Case for Developing An Effective Change Approach

Adastra ConsultingChange LeadershipCase for Developing An Effective Change Approach

Developing new strategies or operational initiatives is the most important way companies renew themselves, by helping to preserve their competitive advantage and stimulating platforms for long-term success. Changing the existing way a business is run can be beneficial, but, it can also introduce a lot of risks. When it comes to making big changes executives know that the wild card is their employees’ capacity to adapt to a new order. Most people do not like change, especially when it comes to changes in the way they do their job on a daily basis. Preparing the company for a change by making any level of the organisation better able to deal with it may be as important as the details of the project. User adoption and business processes changes must be addressed in the change management plan. Fortunately, when companies attempt to manage people change, a little improvement goes a long way.

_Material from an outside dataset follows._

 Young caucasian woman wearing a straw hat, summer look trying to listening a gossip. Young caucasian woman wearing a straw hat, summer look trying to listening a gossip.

There are two components involved when managing a successful business transition and changing how people interact and accept those changes. Without considering both, the change initiative will most likely fail.

(1) Organisational change management focuses on the people side of change: how people’s behaviours influence operational changes, and how changes impact the intended audience.

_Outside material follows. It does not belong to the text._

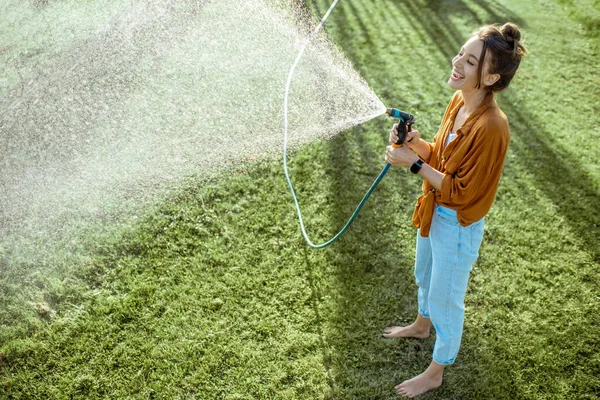 Zöld gyepet locsoló nő — Stock Fotó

(2) Operational change management focuses on the physical aspect of a change, for example, infrastructure, software, hardware, or environmental changes.

Chanage management has a significant impact on your ROI
McKinsey did a study to determine the role of people and process issues in change programs. They gauged the difference between the expected value of a project (calculated in the project business case for it) and the value (benefits plan) the company claimed to have achieved when program was completed. Each company’s strengths were weighted across twelve widely recognised success factors for managing change effectively, including the roles of senior and middle managers in the initiative as well as the company’s project-management skills, training, and incentives for promoting change. These two dimensions made it possible for them to compare patterns in change management strengths and weaknesses with realised returns. Not surprisingly, perhaps, companies with the lowest returns also had poor change-management capabilities, and companies that gained big returns had strong ones.

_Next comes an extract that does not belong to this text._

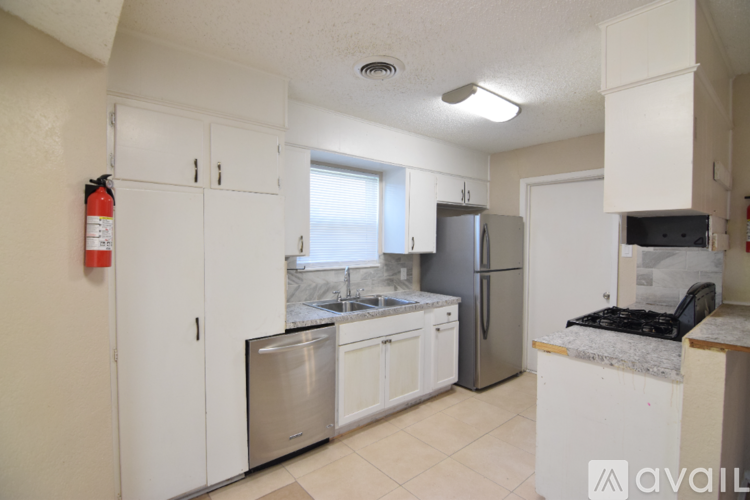 A kitchen with white cabinets and stainless steel appliances.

ROI Case For Effective Change Management

  • 58% of the companies failed to meet their targets;
  • 20% captured only a third or less of the value expected.
  • 42% of companies gained the expected returns or exceeded them (by as much as 200-300%).

For the  more successful companies in the study, effective change management engaged at every level: senior and middle managers and frontline employees were all involved, responsibilities were clear, and the reasons for the change were understood throughout the organisation.

  • On average 143% more of the returns they expected.

By contrast, in companies that fell short of expectations, we found a lack of commitment from or follow-through by senior executives, defective project-management skills among middle managers, and a lack of training for and confusion among frontline employees.

  • On average only 35% of the value they expected.

So what happens without change management?

This is very well illustrated taking a scenario from the McKinseys study that juxapositions the two hospital experiences both implementing a similiar change program but, applied very different methods. The contrast is quite stark and compelling for companies to ensure effective change management is integrated with their projects. At one hospital, the executive team communicated their bold expectations for the initiative, and stakeholders at every level were involved throughout it. At the other hospital, the executive team did not mandate the change and were described as ‘invisible’ during implementation, middle managers did not know who made the calls and frontline staff had no clear understanding of the new business changes or, of the reasons for complying with them.

The first hospital exceeded its expectations for the initiative (125% of the business case) in less than a year, while the second gained barely half of the expected savings. If any single level of the organisation of the second hospital had been better primed to implement the changes, it could have realised a better return on its change initiative, they would have had a much better outcome.

Firms with weak organisational change management skills have projects that unravel at both ends of the spectrum. Upper management quickly distance themselves from the project . End-users not understanding why their way of working is being changed, resist adopting the system altogether. They either do not pay attention (or show up) during training or, they continue to use outside systems and workarounds. And they encourage others to do the same.
There is a lot of work involved in making sure every person, inside and outside an organisation, it may be even harder than getting the ‘hard’ stuff right like the correct alignment of people, budgets and technology.  However, research findings focused on some of the top performing companies indicate that managing the ‘people side’ of change has set them apart from the pack.
Do not think you have the time or, money to invest in change management? Can you afford not to?